**SUPPLIED INFORMATION**
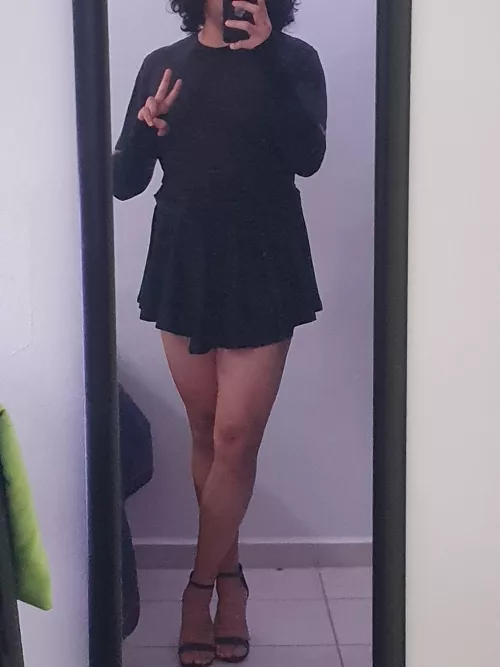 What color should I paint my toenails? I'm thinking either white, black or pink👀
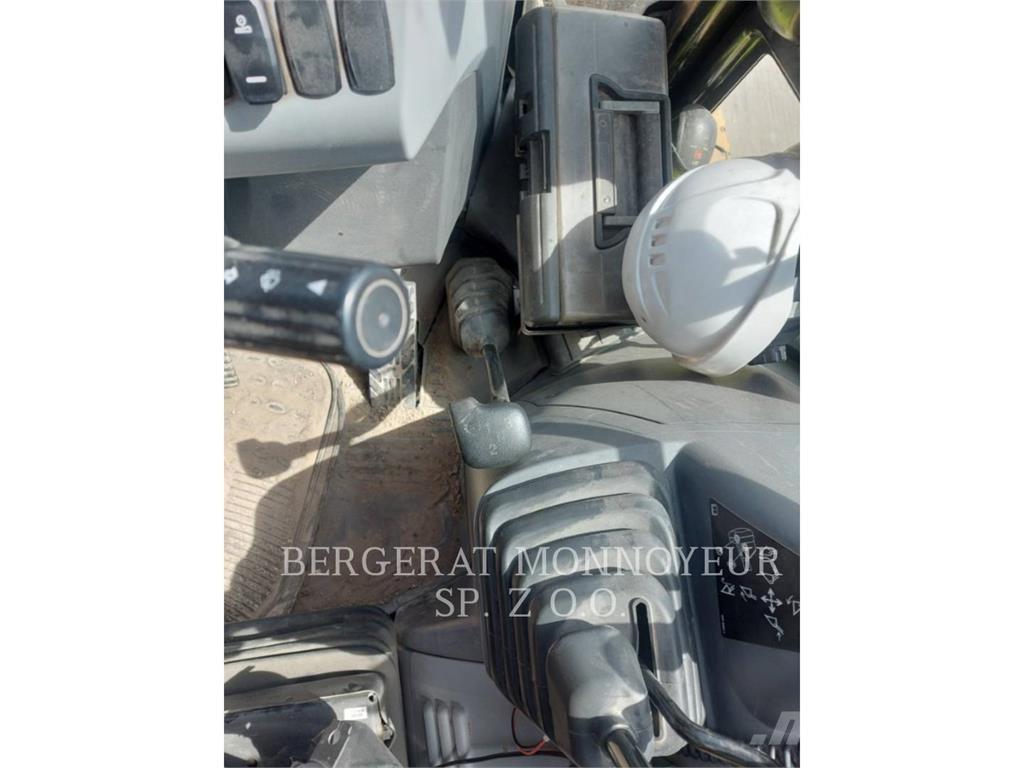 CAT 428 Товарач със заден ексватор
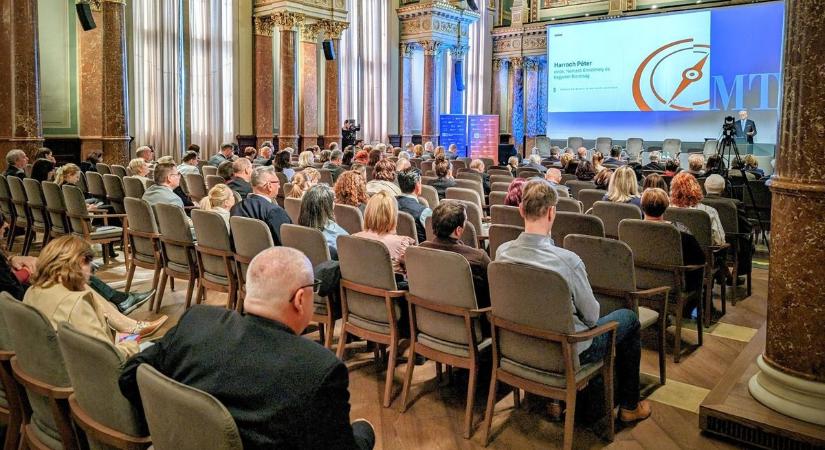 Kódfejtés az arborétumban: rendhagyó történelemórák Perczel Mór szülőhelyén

**TASK REQUIREMENTS**
Repeat each line word for word, from the one with "CAT 428 Товарач със заден ексватор" down to the last line of the data, and keep the pictures out of it.

**ANSWER TO THIS PROBLEM**
 CAT 428 Товарач със заден ексватор
 Kódfejtés az arborétumban: rendhagyó történelemórák Perczel Mór szülőhelyén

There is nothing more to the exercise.